News Release

Scientists sequence genome of little skate, the stingray’s cousin

An international collaboration involving Rutgers researchers unravels the mystery of the fish’s unique shape

Peer-Reviewed Publication

Rutgers University

Little skate

image: An adult little skate skeleton view more 

Credit: Tetsuya Nakamura/Rutgers University

Rutgers geneticists, working with an international team of scientists, have conducted the most comprehensive sequencing yet of the complete DNA sequence of the little skate which, like its better-known cousin, the stingray, has long been viewed as enigmatic because of its shape.

The scientists, writing in Nature, reported that by studying the intricacies of Leucoraja erinacea’s genome, they have gained a far better understanding of how the fish evolved from its ancestor – which possessed a much narrower body – over a period of 300 million years to become a flat, winged bottom-dweller.

“We know that animals with a backbone and a skeleton – known as vertebrates – including fish, possess myriad body shapes, but we understand little about the underlying processes controlled by genes,” said Tetsuya Nakamura, an assistant professor in the Department of Genetics in the Rutgers School of Arts and Sciences (SAS) and an author on the study. “In this research, we have identified the genetic mechanisms that create the unique characteristics of the skate body.”

Little skates are an Atlantic Ocean species of skate that are about 16 to 20 inches long. Their flat bodies feature enlarged, wing-like pectoral fins that allow the fish to thrive in sea-floor environments. Their unique shape creates power for rapid forward propulsion. They also use their flat fins to scoop and flip sand over them to hide from predators, covering everything but their eyes.

“We wondered how this unique body evolved during their evolution,” said Nakamura, an expert in evolutionary developmental biology who generally is seeking to understand how humans evolved from fish. “If we came to understand how a skate evolved, perhaps it might give us clues to how other vertebrates developed their shapes.”

In conducting their analysis, the researchers connected the skates’ genotype – their unique sequence of DNA – with their phenotype – their physical properties, from body shape to biochemistry. They also compared the little skate genome with various shark genomes, including that of the bamboo shark, with whom it shares a common ancestor.

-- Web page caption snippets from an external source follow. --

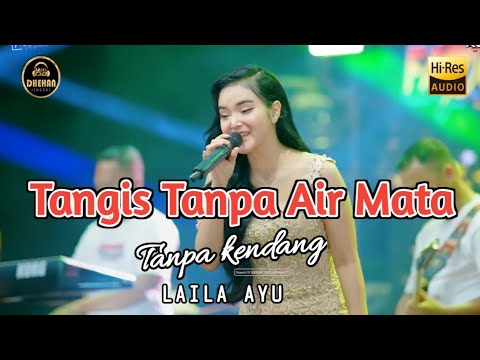 TANGIS TANPA AIR MATA TANPA KENDANG || YANG LAGI VIRAL FULL VARIASI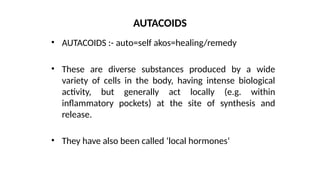 • AUTACOIDS :- auto=self akos=healing/remedy
• These are diverse substances produced by a wide
variety of cells in the body, having intense biological
activity, but generally act locally (e.g. within
inflammatory pockets) at the site of synthesis and
release.
• They have also been called ‘local hormones’
AUTACOIDS
 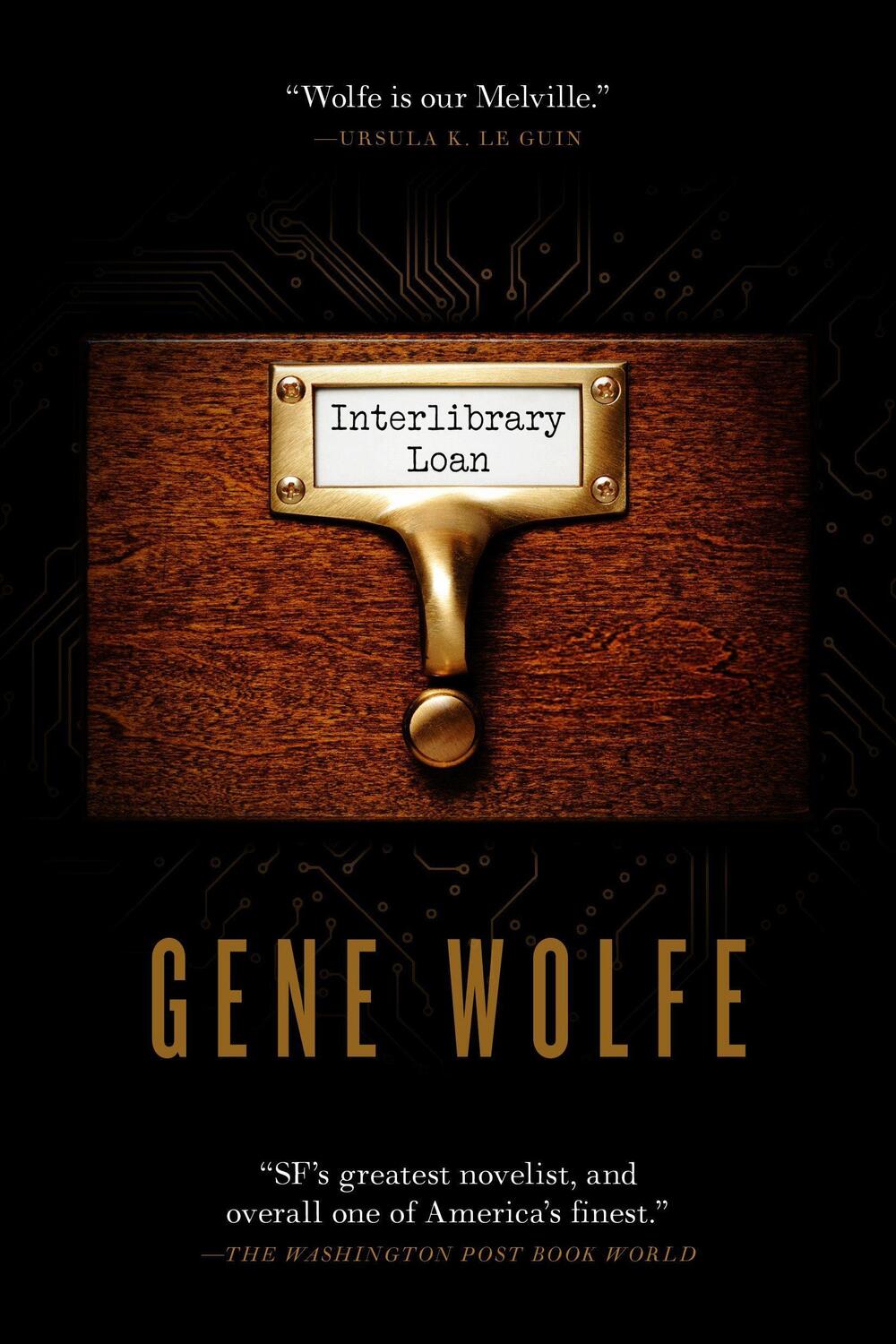 Cover: 9781250242365 | Interlibrary Loan | Gene Wolfe | Buch | Englisch | 2020 | TOR BOOKS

The researchers found similarities between the genomes and gene orders of the little skate and the bamboo sharks, which retain ancestral characters of chromosomes, the essential structures compactly packing DNA in the nucleus of every cell.

In the region of the little skate genome that controls for fin development, the researchers found extensive rearrangements in the order of genes, akin to a shuffling of cards. This gene shuffling occurred in the region of fin formation genes in skates when compared to sharks.

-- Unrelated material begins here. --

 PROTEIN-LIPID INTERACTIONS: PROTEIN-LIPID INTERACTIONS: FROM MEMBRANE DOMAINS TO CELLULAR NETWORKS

In the little skate genomes, researchers also found what they described as a “fin-specific enhancer” for what are known as “Hox” genes, which have been identified in other research to be involved in patterning an animal’s body from head to tail. In vertebrates, Hox genes determine the position of segmentation for areas of the body including the head. In the case of the little skate, the researchers found Hox genes were indispensable for the evolution of its wide fins.

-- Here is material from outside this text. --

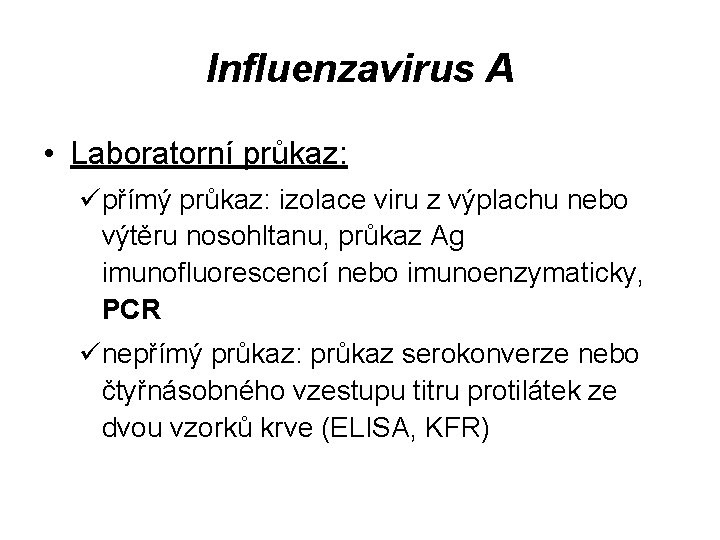 Influenzavirus A • Laboratorní průkaz: üpřímý průkaz: izolace viru z výplachu nebo výtěru nosohltanu,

This “extensive conservation of chromosomal identity and gene order, despite 300 million years of divergence,” indicates that most cartilaginous fish like skates, rays and sharks likely share this genetic organization, Nakamura said.

“Overall, we found that genetic recombination and genome sequence changes are critical for skate-wide fin evolution,” he said.

Other Rutgers geneticists involved with the study include Dina Navon, a postdoctoral researcher, and Ali Andrescavage, a lab technician.